Reverse-engineering Strava Privacy Zones

This project is an exploration of how much privacy Strava's "privacy zones" actually provide - and how much they quietly give away.

Across a series of experiments, I examined the uncomfortable question: Given only what Strava exposes publicly, how precisely can someone infer a user's true starting location from their activities?

To answer that, I built synthetic activity datasets, uploaded them through Strava's normal ingestion pipeline and analysed the resulting public GPX files using a mix of geometric methods, machine learning and explicit modelling of the underlying road network.

This page is the hub for the full investigation. It links to all posts in the series, the interactive dashboard and the code, including the datasets. If you're curious how private Strava's privacy zones really are - or are concerned how close someone could get to finding out where you live from Strava - this is where the entire investigation lives.

Spoiler: they reveal more than you might think, one of my methods got to within a metre, yes centimetres, in one experiment.

Stacked images of all 5 posts horizontally, highlighting the privacy zone in the middle

Project Resources

Demo

Code

The Setup

To figure out whether someone could locate a user's true start location from their activities, I needed two things:

Lots of activities - all starting from the same location.
The same activities - with Strava privacy zones applied.

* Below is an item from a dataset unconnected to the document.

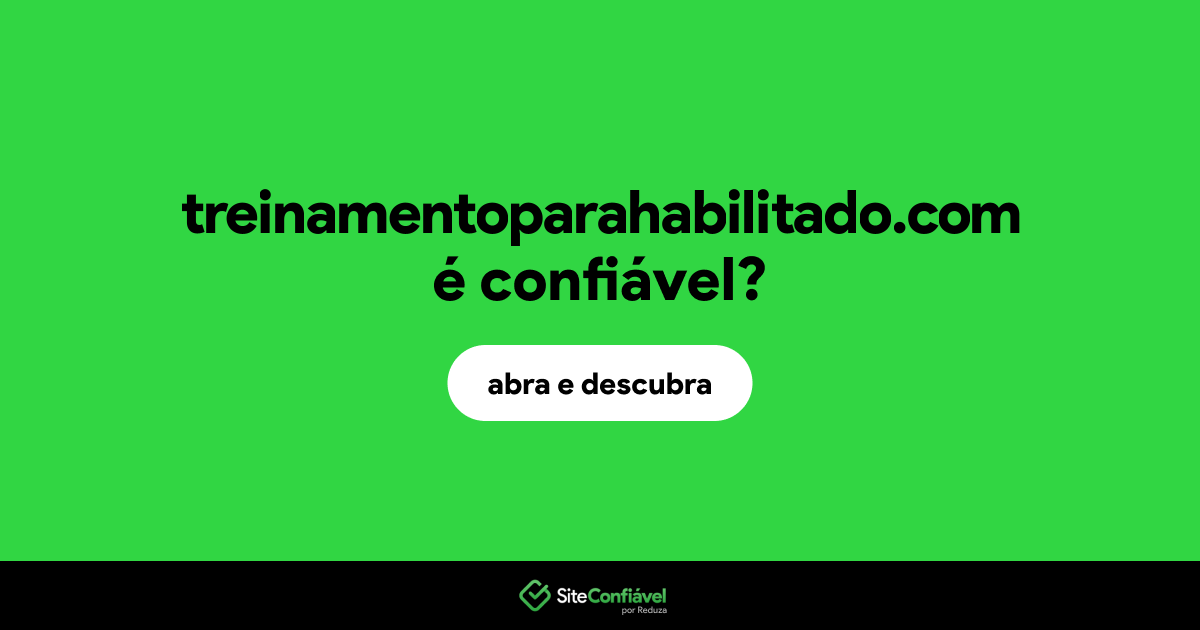 O site treinamentoparahabilitado.com é confiável?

Once I had both datasets, I could compare them and see how close I could get to the hidden start using different methods.

Generating The Activities

First, I needed realistic sample activities. I wrote a route generator that pulls in the street network using OSMnx and models it with NetworkX: it then generates routes from the same start location that wander outwards through a series of semi-randomised waypoints pointing roughly in the same direction (±60° variation and ±30% distance variation).

This isn't meant to be perfect. Real human activities aren't perfect either, especially in dense cities with patchy GPS and awkward street geometry. The focus was on variation.

I chose London as the test area for two reasons:

Over 80% of the UK population lives in urban areas.
Strava's own UK heatmap shows massive concentrations of activity in cities, in particular London.

40 activities later, I had a solid dataset: varied, messy and close enough to real-world activities to reveal real patterns.

Applying Strava's Privacy Zones

This part was less elegant.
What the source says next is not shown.